*** Information supplied ***

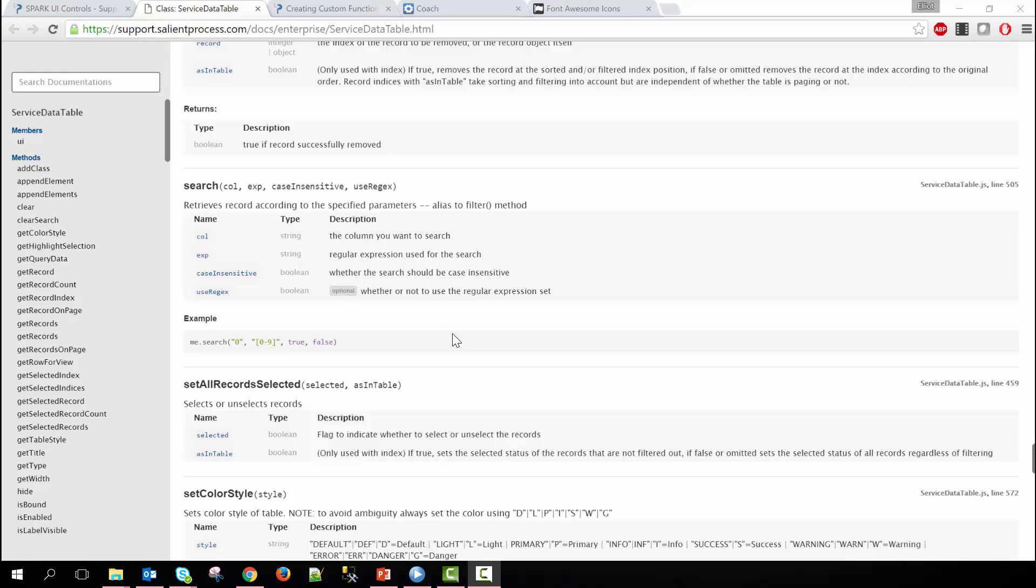By using the built-in search method the developer is able to provide complex functionality with easy development. This concludes today's demo. Thank you for watching. Have a nice day.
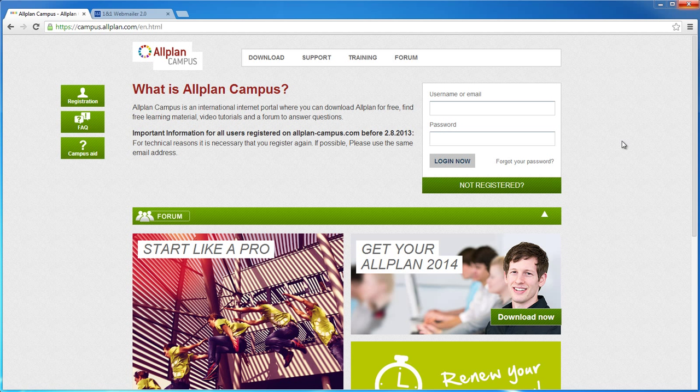Here you can find software downloads, e-learning videos and tutorials on many building design topics, as well as a user forum and lots more. Visit our education service online at campus.allplan.com.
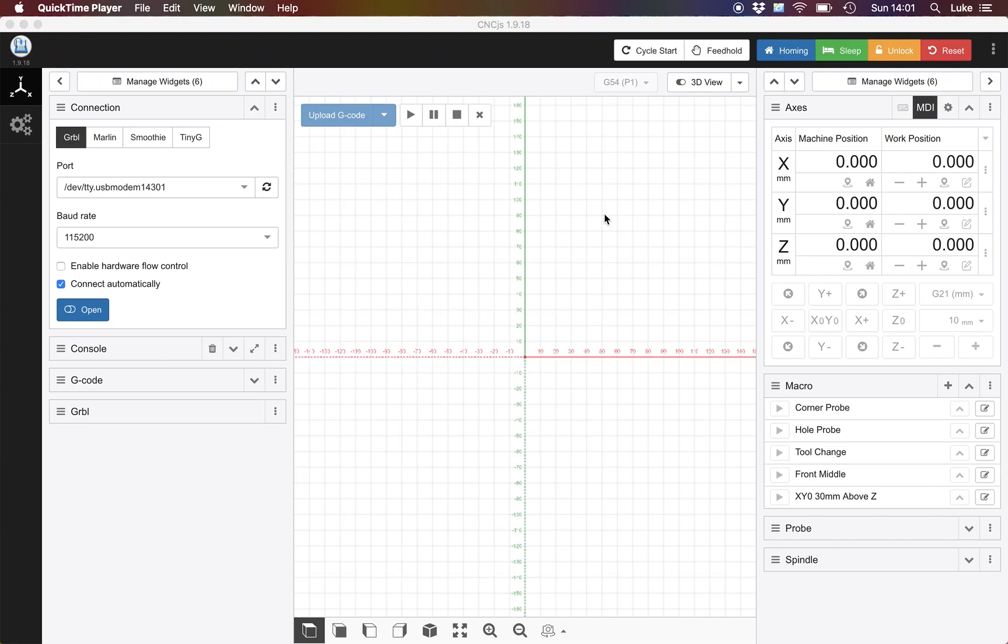Hi guys, welcome to an episode of Luke's Garage. Today we're going to be having a look at CNCJS in the virtual world of my computer.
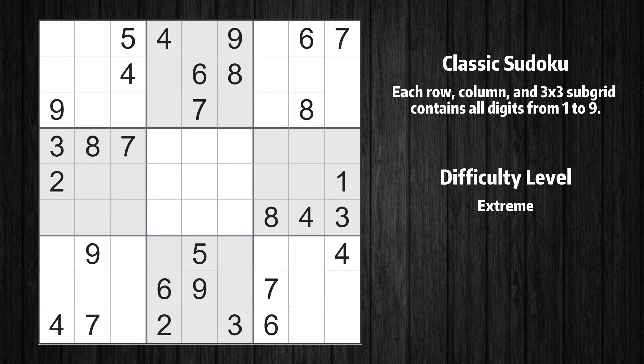Welcome to the fourth episode of our Sudoku series. In this video, we'll show you how to use advanced reasoning techniques to solve a real-life puzzle step-by-step. Let's get started.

*** End of Information supplied ***

(Exercise brief):
The line containing "Here you can" and every line after it, up to the last line of the data, should be returned exactly, without the pictures.

(Response to this exercise):
Here you can find software downloads, e-learning videos and tutorials on many building design topics, as well as a user forum and lots more. Visit our education service online at campus.allplan.com.
Hi guys, welcome to an episode of Luke's Garage. Today we're going to be having a look at CNCJS in the virtual world of my computer.
Welcome to the fourth episode of our Sudoku series. In this video, we'll show you how to use advanced reasoning techniques to solve a real-life puzzle step-by-step. Let's get started.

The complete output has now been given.